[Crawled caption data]
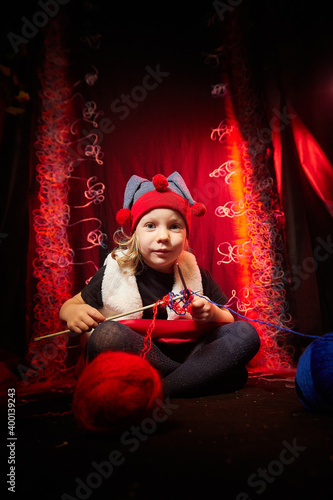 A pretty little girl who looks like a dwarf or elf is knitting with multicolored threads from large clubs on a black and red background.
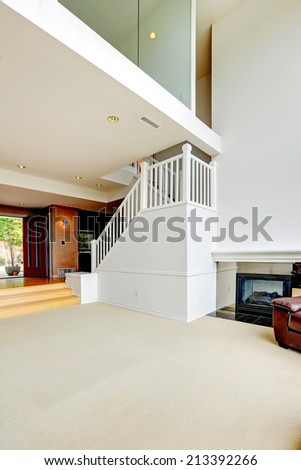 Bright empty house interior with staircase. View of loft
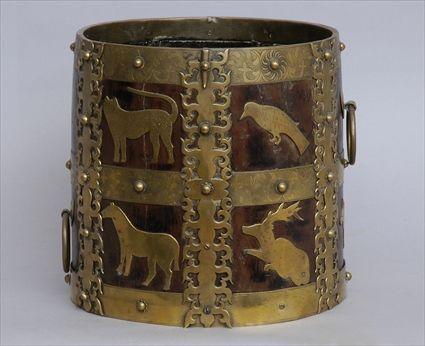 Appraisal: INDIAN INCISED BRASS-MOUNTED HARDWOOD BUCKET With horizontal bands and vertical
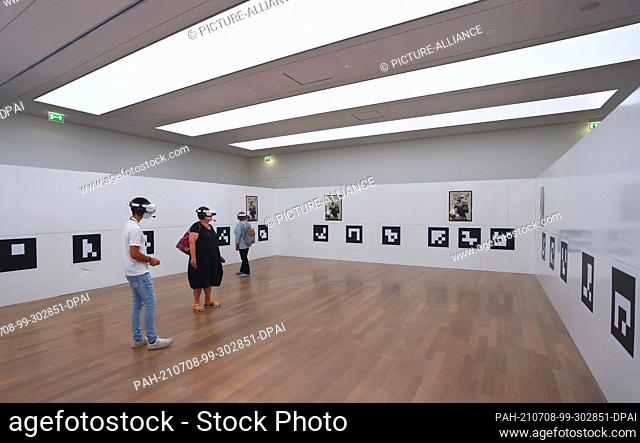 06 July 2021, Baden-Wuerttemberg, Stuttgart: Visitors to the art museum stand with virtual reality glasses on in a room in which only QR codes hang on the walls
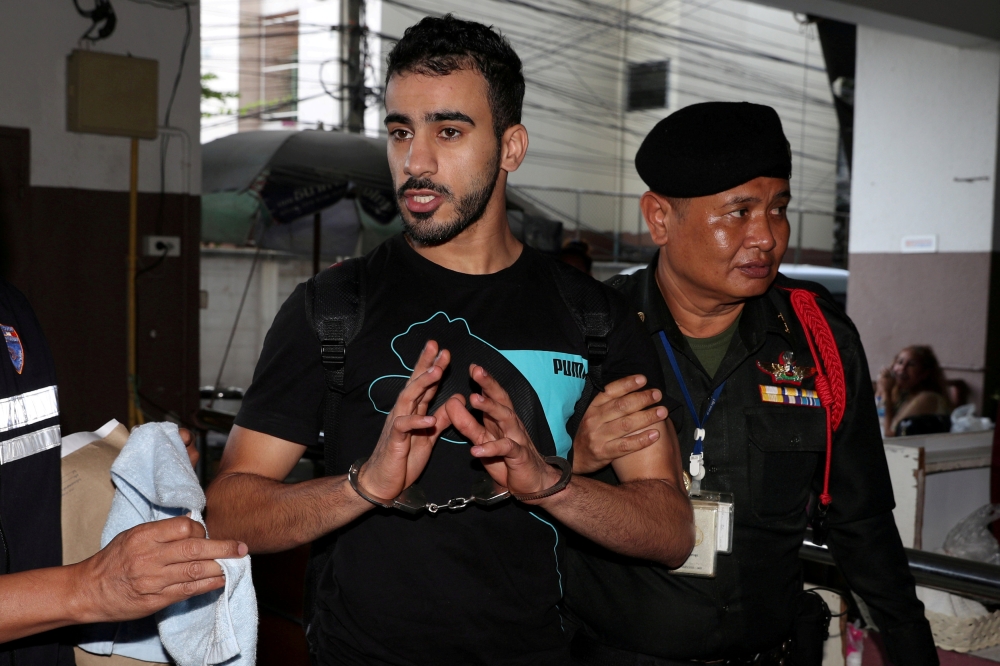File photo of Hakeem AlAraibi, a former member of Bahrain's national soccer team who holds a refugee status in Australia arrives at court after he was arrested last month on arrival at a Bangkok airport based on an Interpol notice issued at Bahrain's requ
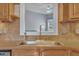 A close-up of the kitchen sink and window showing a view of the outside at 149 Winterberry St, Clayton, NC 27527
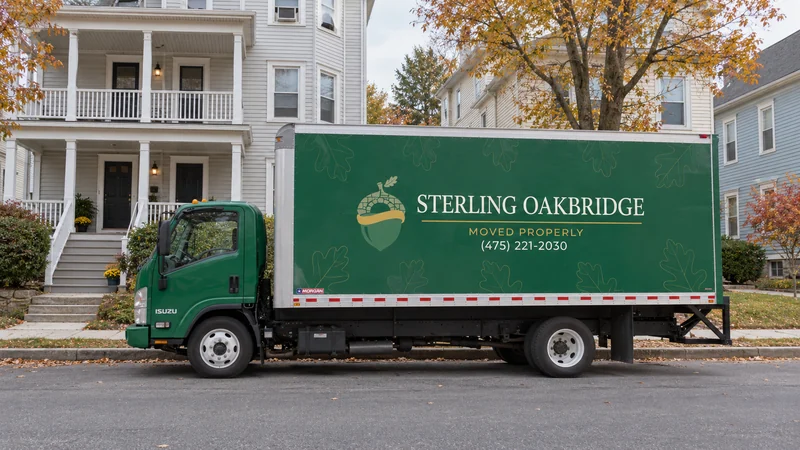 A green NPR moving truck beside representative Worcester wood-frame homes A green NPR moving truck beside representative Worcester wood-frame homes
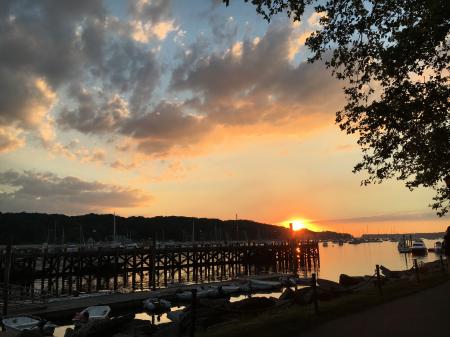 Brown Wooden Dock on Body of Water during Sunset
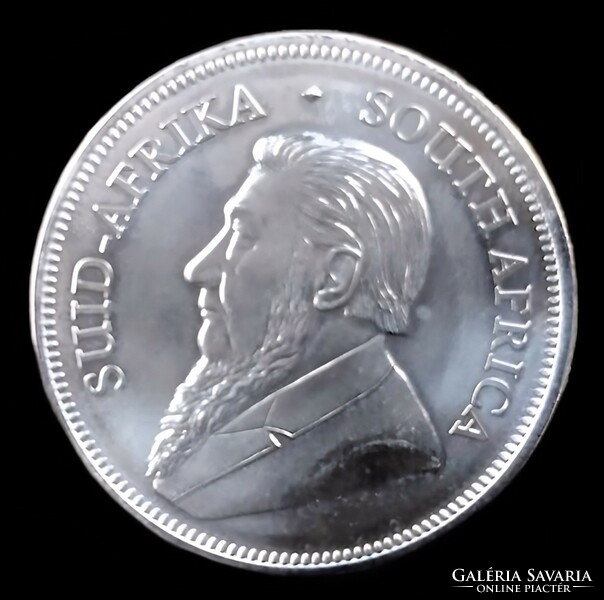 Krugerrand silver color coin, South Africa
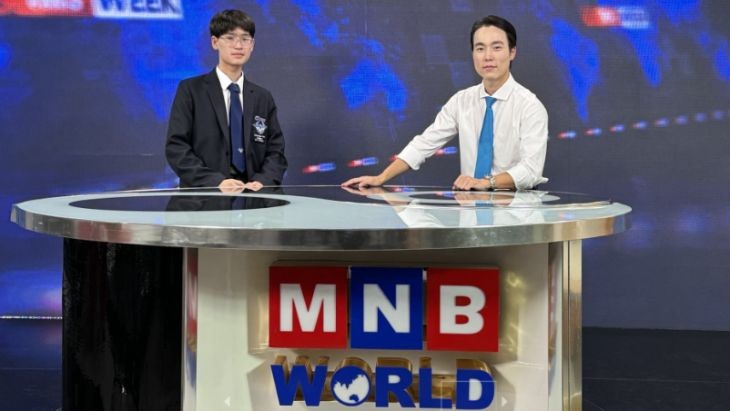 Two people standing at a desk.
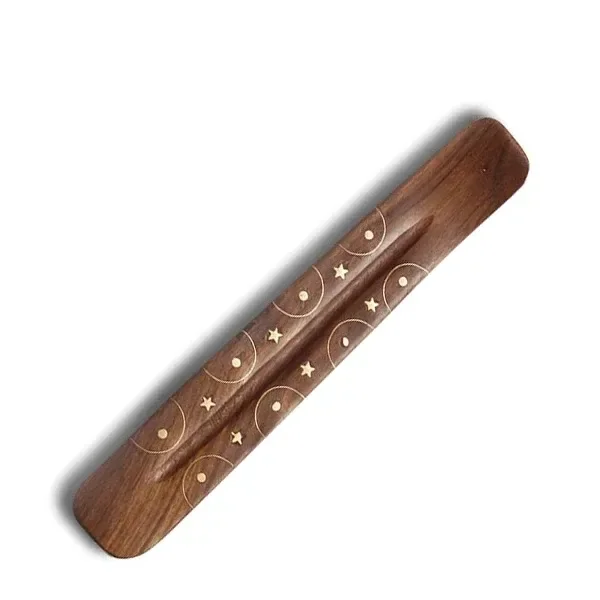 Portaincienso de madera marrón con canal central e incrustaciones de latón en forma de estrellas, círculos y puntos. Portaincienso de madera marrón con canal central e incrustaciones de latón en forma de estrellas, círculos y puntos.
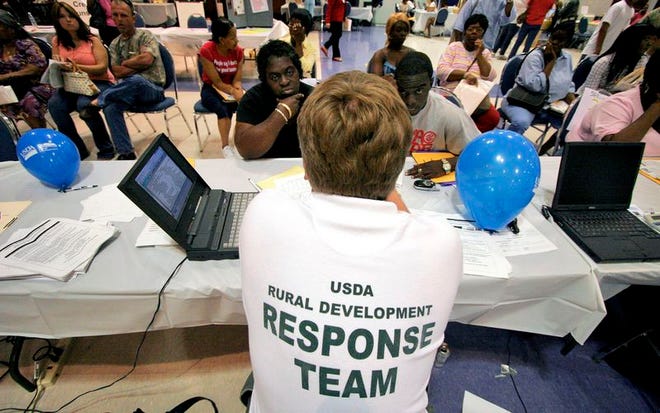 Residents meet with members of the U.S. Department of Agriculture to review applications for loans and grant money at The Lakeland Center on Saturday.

* HOW TO COMPLETE THIS TASK: Pictures stay out. Transcribe the lines from the start of the entries above through the line with "Two people standing at a desk.", exactly.

* SOLVED EXERCISE:
 A pretty little girl who looks like a dwarf or elf is knitting with multicolored threads from large clubs on a black and red background.
 Bright empty house interior with staircase. View of loft
 Appraisal: INDIAN INCISED BRASS-MOUNTED HARDWOOD BUCKET With horizontal bands and vertical
 06 July 2021, Baden-Wuerttemberg, Stuttgart: Visitors to the art museum stand with virtual reality glasses on in a room in which only QR codes hang on the walls
File photo of Hakeem AlAraibi, a former member of Bahrain's national soccer team who holds a refugee status in Australia arrives at court after he was arrested last month on arrival at a Bangkok airport based on an Interpol notice issued at Bahrain's requ
 A close-up of the kitchen sink and window showing a view of the outside at 149 Winterberry St, Clayton, NC 27527
 A green NPR moving truck beside representative Worcester wood-frame homes A green NPR moving truck beside representative Worcester wood-frame homes
 Brown Wooden Dock on Body of Water during Sunset
 Krugerrand silver color coin, South Africa
 Two people standing at a desk.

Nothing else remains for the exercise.